SEE UPDATE AT BOTTOM OF ARTICLE
The Brooklyn College political science department is officially and emphatically endorsing an on-campus Boycott Divestment and Sanctions (BDS) anti-Israel program at which Brooklyn College students and the public will be forcefully encouraged to endorse and promote BDS against the state of Israel.
The featured speakers at the February 7 event will be Omar Barghouti, the co-founder of the global BDS movement who falsely claims that Israel is an Apartheid State with a “separate legal system for non-Jewish citizens,” and Judith Butler, a virulently anti-Israel academic who speaks sympathetically of the terrorist groups Hamas and Hezbollah.
One focus of the BDS movement is the boycott of Israeli academics. It seeks to bar Israeli academics from participation in journals, research, public lectures and teaching. Yet Brooklyn College’s political science department is supporting this event without any qualifications. In fact, other than BC’s Students for Justice in Palestine, the political science department is the only endorsing organization officially affiliated with Brooklyn College.
Ironically, given its promotion of an event that would silence academics, BC’s Poli-Sci department is defending its involvement in the event by invoking “academic freedom.”

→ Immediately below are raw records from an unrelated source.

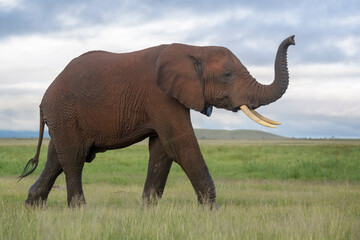 Young African elephant (Loxodonta africana) bull, smelling for sent, Amboseli national park, Kenya.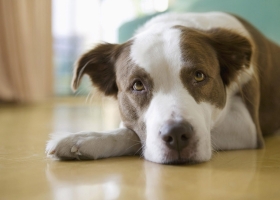 Cute Dogs HD Wallpapers Collection 4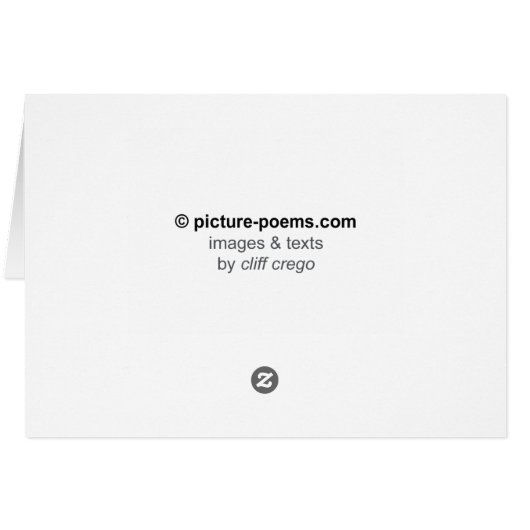 THE SQUARE OF FALSE RATIONALITY (Back Horizontal)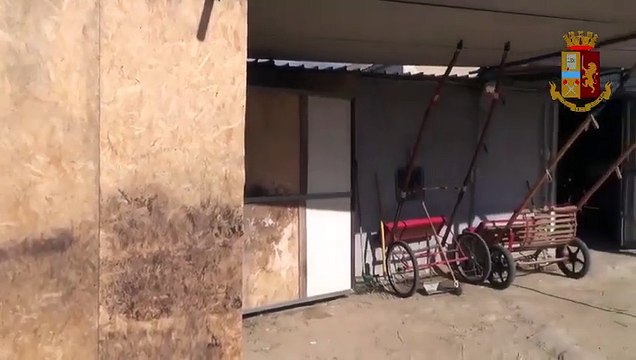 Noto (SR) - Cavalli maltrattati e corse clandestine blitz in una stalla del clan (09.03.21)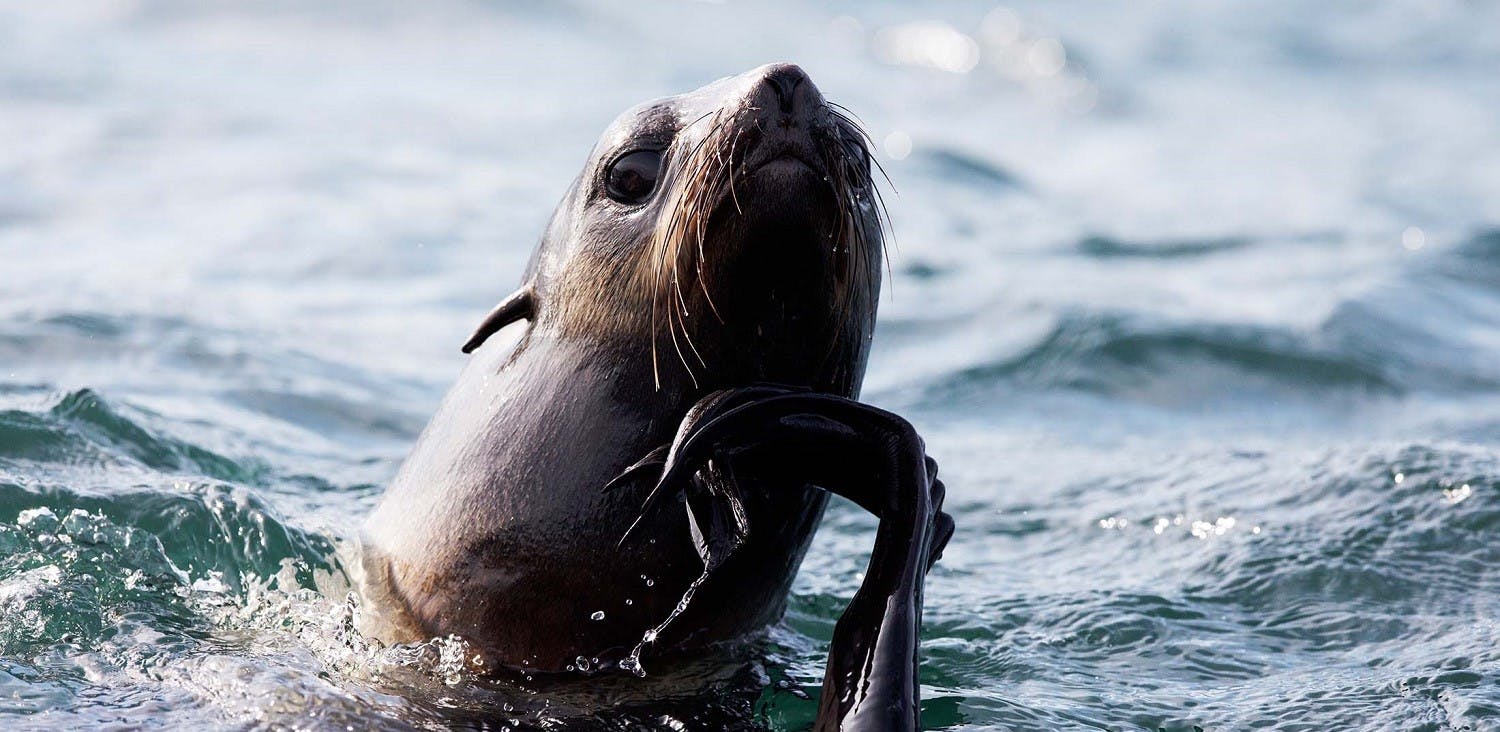 Northern Fur Seal, Tyuleniy Island, Russian Far East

There are two problems with this: first, the contradictory juxtaposition of academic freedom and a ban on professors because of their national origin; and second, a point repeatedly mentioned by the student leaders, the fact that the event has nothing to do with the free exchange of ideas. Instead, it is a heavy-handed promotion of only one side of an extremely divisive issue.

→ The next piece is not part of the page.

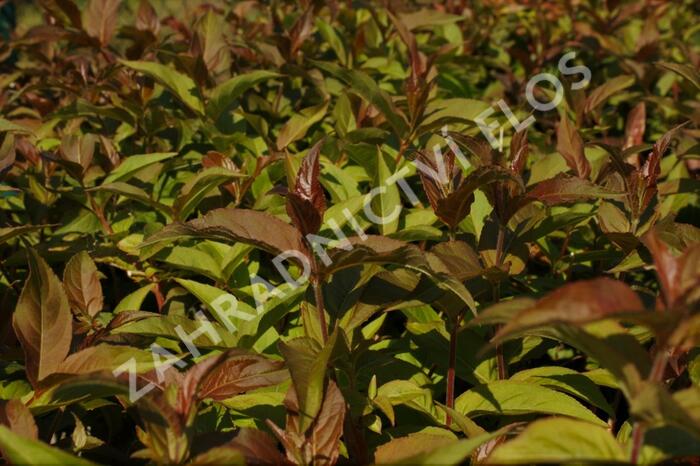 Zanice zimolezovitá - Diervilla splendens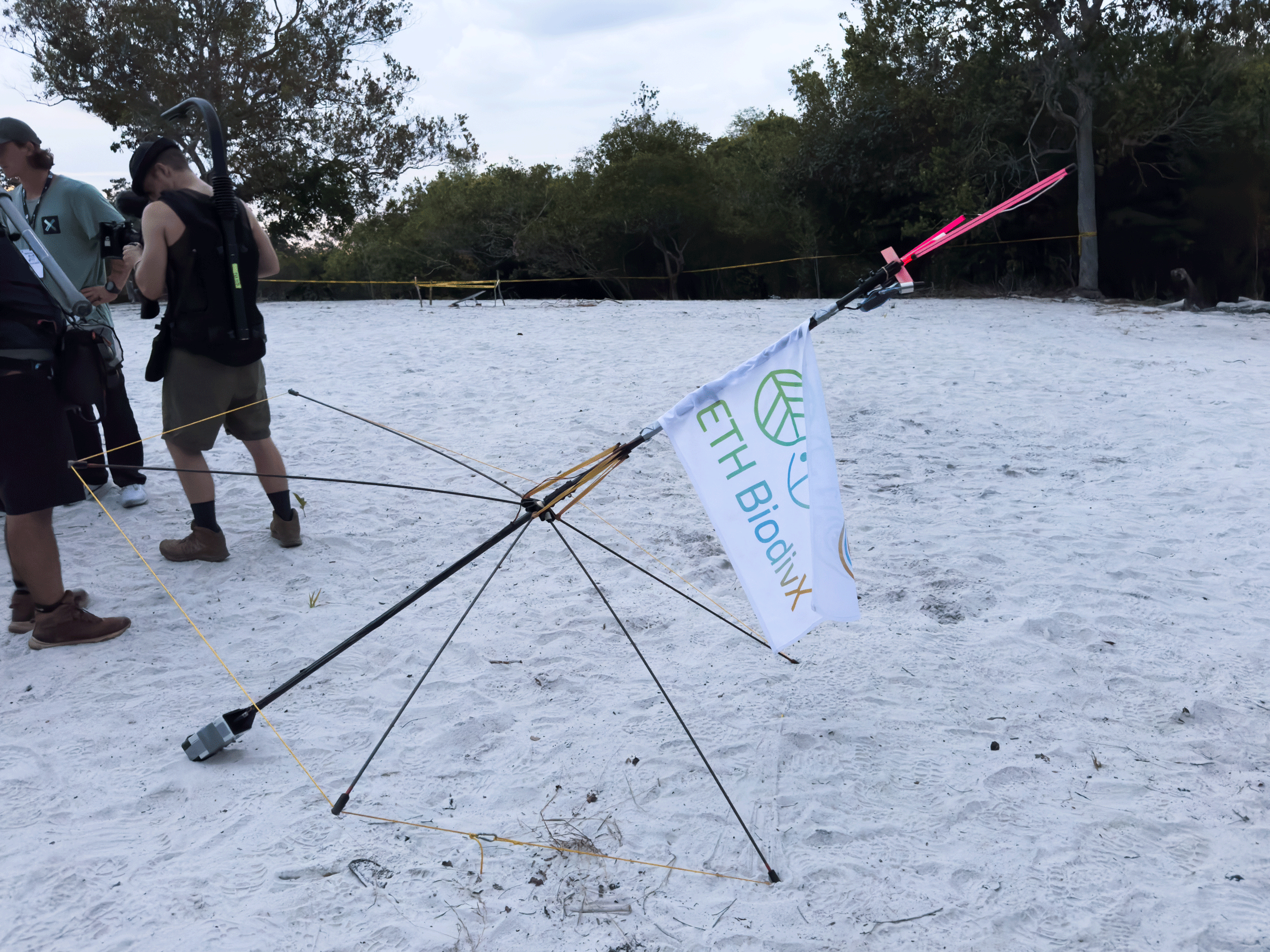 Pole with flag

According to Jeremy Thompson, the school’s official spokesperson, the Brooklyn College administration supports the political science department’s decision to engage in this event as it supports the right of “every department, faculty member and student group to choose what events they want to be associated with.” However, Thompson said, the school itself is not endorsing the event. Thompson explained that the school’s official position is not to endorse the views of any speaker at a school event. When pressed, Thompson agreed that even if President Obama were speaking at a BC event, the administration would not support or endorse that event.
In contrast, the political science department is not only sponsoring the event, it has publicly and officially endorsed the views of the speakers. Thompson was quoted in the New York Post on Sunday, saying that just because the political science department is sponsoring the event, it does not necessarily mean it is endorsing the event. But the day after that article aired, Thompson told The Jewish Press, all the flyers and notices for the event were changed to reflect those who had been previously listed as “sponsors” to being listed as “endorsers.” Got it.
From the time the story of the Brooklyn College pro-BDS event broke, most of those quoted or publicly speaking out have been trustees or professors or pro-Israel professionals. By and large, the focus of those outside of the student world is that the BDS event should not be held at Brooklyn College at all. Most agree that the BDS movement, and in particular the two speakers, Barghouti and Butler, are not content with merely criticizing Israel, but rather want Israel to disappear as a Jewish State.
Jeffrey Wiesenfeld, a trustee of the City Univerity of New York system, of which Brooklyn College is a part, penned a scorching opinion piece in the Algemeiner. It’s headline: “Taxpayer Funded BDS at CUNY is Illegitimate, Racist and Anti-Semitic.”
And Carrie Idler — an adjunct professor in the BC speech and communications department, who attended Brooklyn College, as did her husband, three of her four siblings, as well as her children — took exception to the idea that hosting the event at Brooklyn College is appropriate because it embodies ‘freedom of speech.’”
Idler told The Jewish Press, “boycotting academics is the opposite of free speech. It symbolizes the silencing of people based on their race and religion.” What’s more, she added, “it smacks frightfully of the same intolerance that Jewish Academics met in the early to mid-nineteen thirties throughout Europe as the Nazis rose to power. No one spoke up then, and we know how badly that turned out. I, therefore, know that if I do not speak up now I will be complicit.”